Although numerous studies have suggested that, for effective biocontrol activity, successful hyphal growth and proliferation of the agent in soil or the rhizosphere are critical, the presence of an indigenous fungal microbiota makes this difficult to evaluate. As noted by Martin and English [12], the structural, physical, and biological complexity of the soil environment in which pathogens interact with plant roots constrain disease control options, including biological control. As seeds germinate and roots subsequently elongate, the spatial and temporal availability of infection courts are constantly changing. Colonization dynamics of biocontrol agents on seeds and roots, in the presence of an indigenous rhizosphere microbial community, will determine how well these potential infection courts are protected. One of the long-term goals of our research has been to understand and quantify some of the biotic and abiotic parameters that determine the establishment and activity of fungal agents introduced into natural habitats.

Certain organisms have received considerable research attention as potential biocontrol agents; one of the most well studied of these is the fungal genus Trichoderma. Trichoderma spp. have received considerable attention as potential biological control agents against a wide range of soilborne plant pathogenic fungi [13, 14]. Members of the genus produce a number of fungal cell wall-degrading enzymes including chitinases, 1,3-glucanases, proteases, mannanases, and other hydrolases [15, 16]. Trichoderma spp. are highly ecologically successful fungi and have been used increasingly in commercial agriculture, especially in the greenhouse industry where a significant proportion of soilborne disease control products are based on T. harzianum [15].

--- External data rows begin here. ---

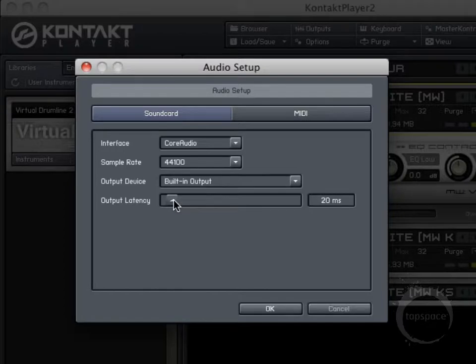If you're on a Windows machine, setting the buffer lower will typically lower the latency, and having the buffer higher will raise that number. I generally like to keep it somewhere between the low 20s and the 40s. If you have a decent machine, you'll typically be able to get away with having it set around there.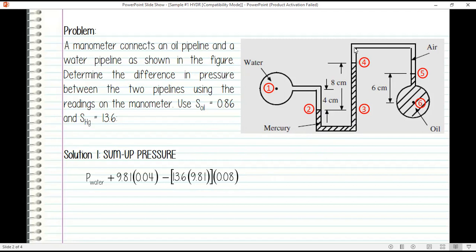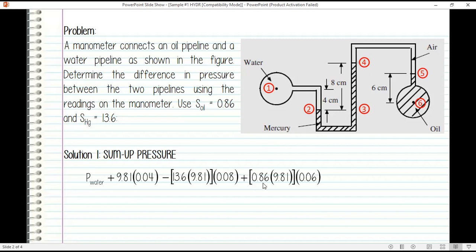The assumption here is that pressure in the air space is uniform, meaning the pressure at point four equals the pressure at point five. So from point four, we transfer to point five. Then from point five going down to point six, we add pressure — the liquid here is oil — so that's gamma of oil times height of oil, which is specific gravity times specific weight of water times 0.06 meters.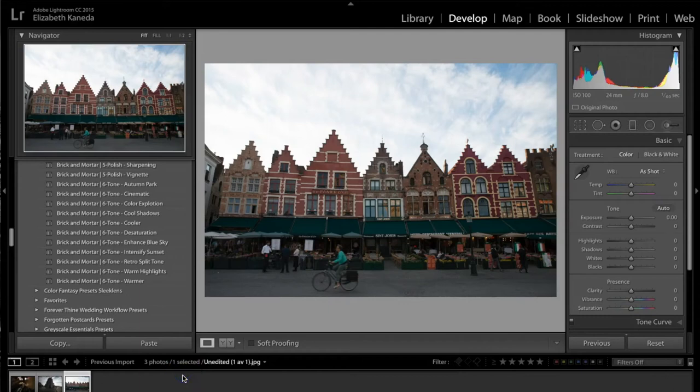Hi guys, this is Liz Kaneda from Sleek Lens. Today I have a tutorial on the brick-and-mortar workflow which is all about architecture photography. I'm going to be talking about how you can use the tools in this workflow to enhance the color and light, and enhance detail within your architecture photography. I have a picture pulled up and we're going to start with some of the presets and then move on to the brushes.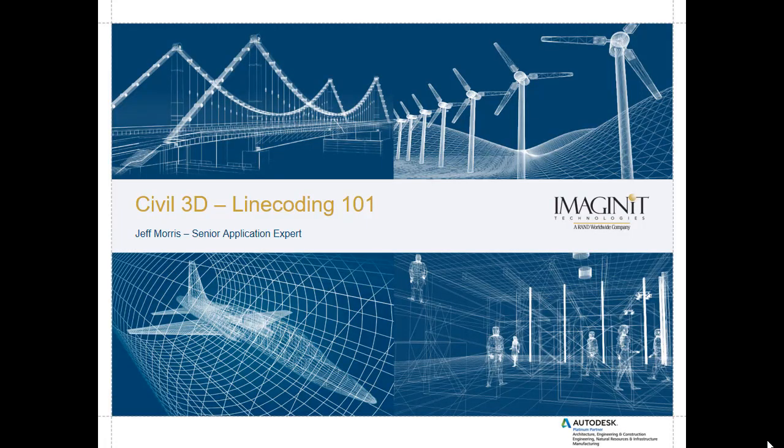Hello, my name is Jeff Morris. I'm a senior application expert with Imaginate Technologies and I would like to welcome you to today's video tech tip dealing with line coding within Civil 3D.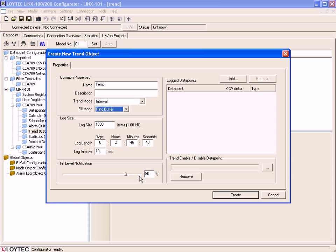Here you can define a Fill Level Notification. This will decide at which Fill Level this trigger will fire. This Fill Level trigger can be used to trigger the transmission of an email.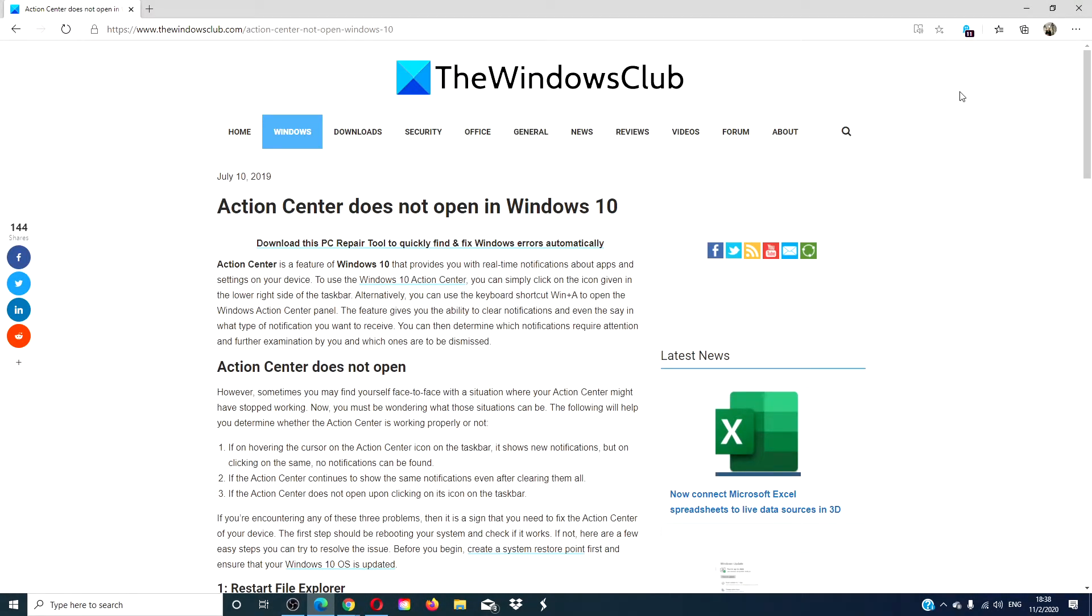Hello Windows Universe! In this video we will be looking at what you can do if you encounter the problem of your Action Center not opening in Windows 10.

Isolates of Trichoderma harzianum have been reported as antagonists of several soilborne plant pathogens. An Idaho isolate of T. harzianum, ThzID1, controlled Fusarium wilt of Douglas-fir seedlings [17] and colonized sclerotia of Sclerotinia sclerotiorum under laboratory and field conditions [10, 18, 19]. Experimental biocontrol of the important pea pathogens Pythium ultimum and Aphanomyces euteiches f. sp. pisi has been obtained with agents including several bacterial species and also members of the genus Trichoderma [9, 18, 2024]. Seed treatment of pea and other crops with T. harzianum controlled Pythium seed rot and/or preemergence damping-off [2527].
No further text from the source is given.